The Oz, of course, might have the monopoly on ‘foaming loony’, but it is by no means alone in the short-term memory loss stakes.

In acknowledging the one-year anniversary of the apology, a host of media have been out this morning noting that a disappointed Kevin Rudd was unable to deliver his long-awaited report on Indigenous disadvantage yesterday, because of the bushfire crisis in Victoria.

One journalist on ABC radio went so far as to suggest that Rudd had decided to attend a national apology photographic exhibition the morning of the anniversary (the great Wayne Quilliam’s) to make up for not delivering the report, and to show that he’s still engaged in Aboriginal affairs despite the fires.

So Rudd is not so busy that he can’t attend an event to celebrate his delivery of a national apology (ironically, he didn’t actually turn up), but he is too busy to deliver a report to parliament on the government’s progress in closing the gap, a central theme of the actual apology speech.
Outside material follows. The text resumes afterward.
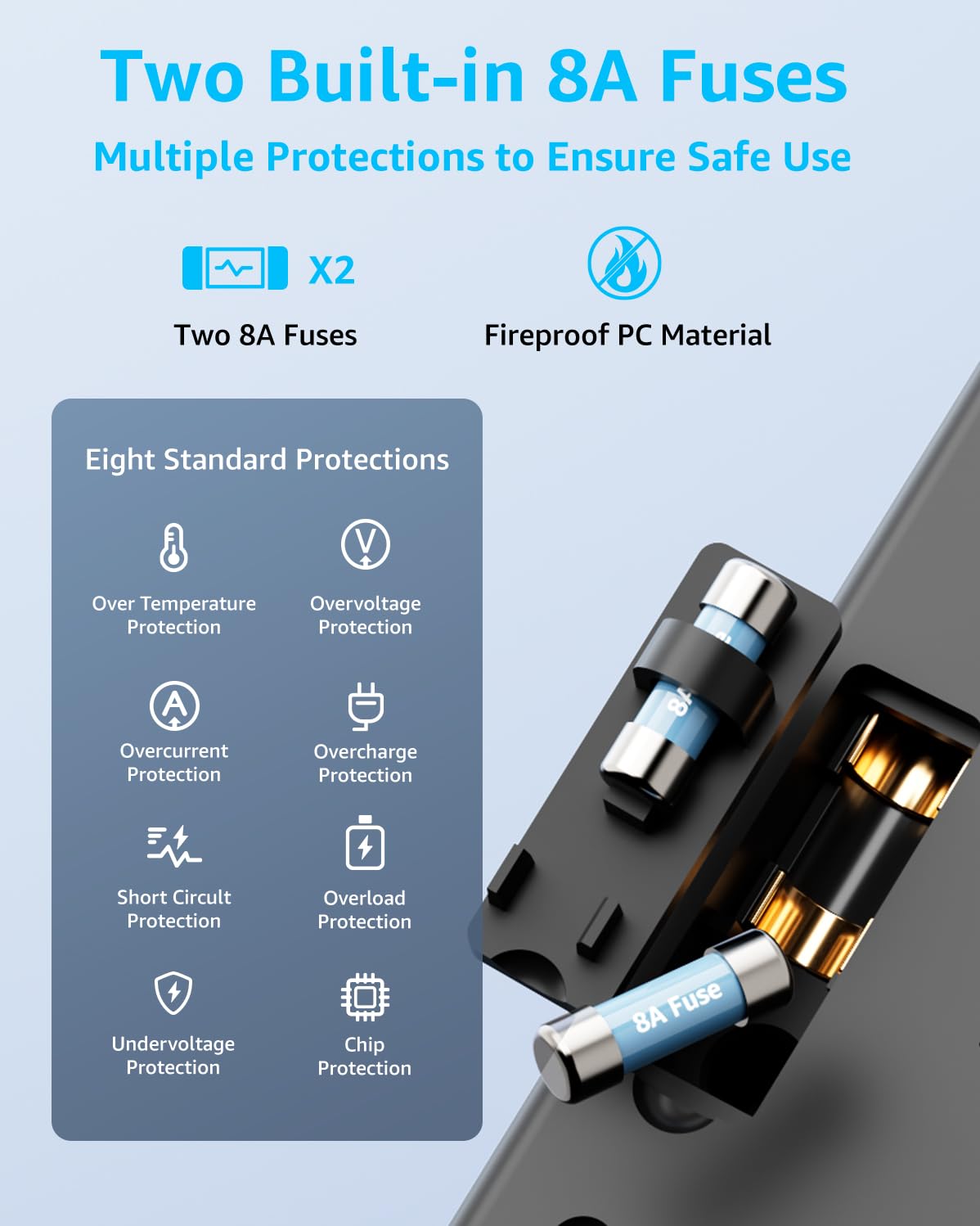decqle fireproof PC case protects adapter during travel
Call me Chris Mitchell, but that’s crazy talk.

Most journalists also appear to have forgotten that Rudd actually promised to deliver the report on the first sitting day of the parliamentary year. In case anyone’s struggling with the math, that was a week before the Victorian fires.

This is the same media that just a fortnight ago were lambasting Professor Mick Dodson for apparently accepting the Australian of the Year award, then demanding the day be moved to a more inclusive date. Of course, Dodson did no such thing - he simply responded to a question from a journalist about the ongoing debate of moving the date, and noted that he thought Australia should have a conversation on the issue.
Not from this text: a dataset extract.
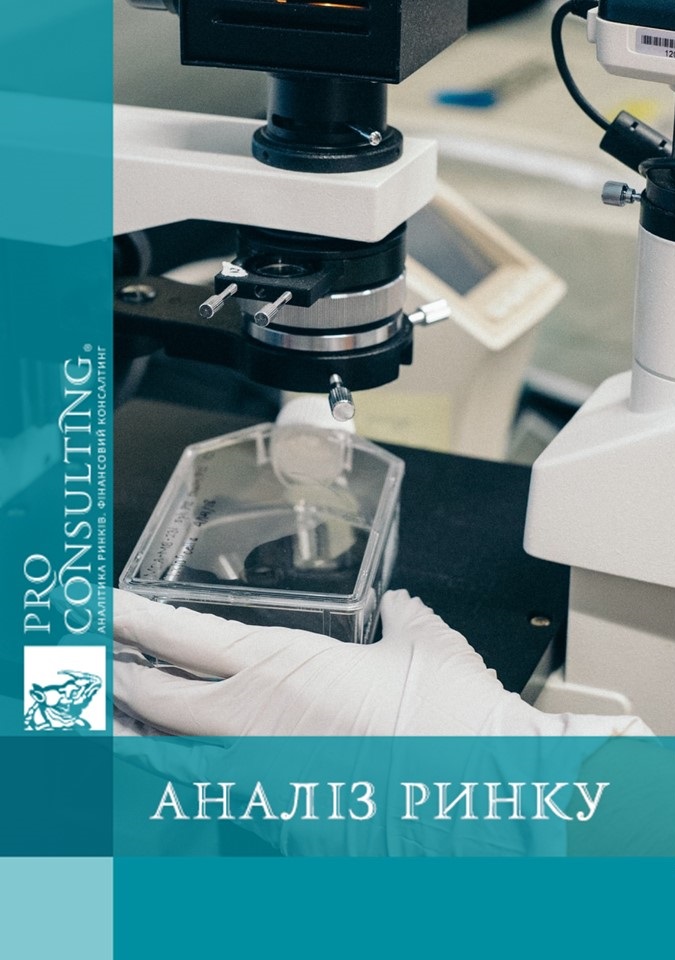 Аналіз ринку медичних послуг України. 2020 рік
My point being, a year after the national apology, it’s business as usual in Indigenous affairs. The Oz is still ranting, the government is not performing, the mainstream media is still navel gazing and Aboriginal people remain bitterly disappointed and grossly disadvantaged.

Sure, we gave (or got) an apology to the Stolen Generations. But we also broke the promise of providing compensation. We broke the promise of moving Australia Day. We broke the promise of signing of a treaty. We retained the Northern Territory intervention, unchanged.

Australians may have apologised for the mistakes of the past, but they certainly haven’t learnt from them. And with a Howard-lite government in power and a mainstream media that’s either unstable or downright lazy, is anyone surprised?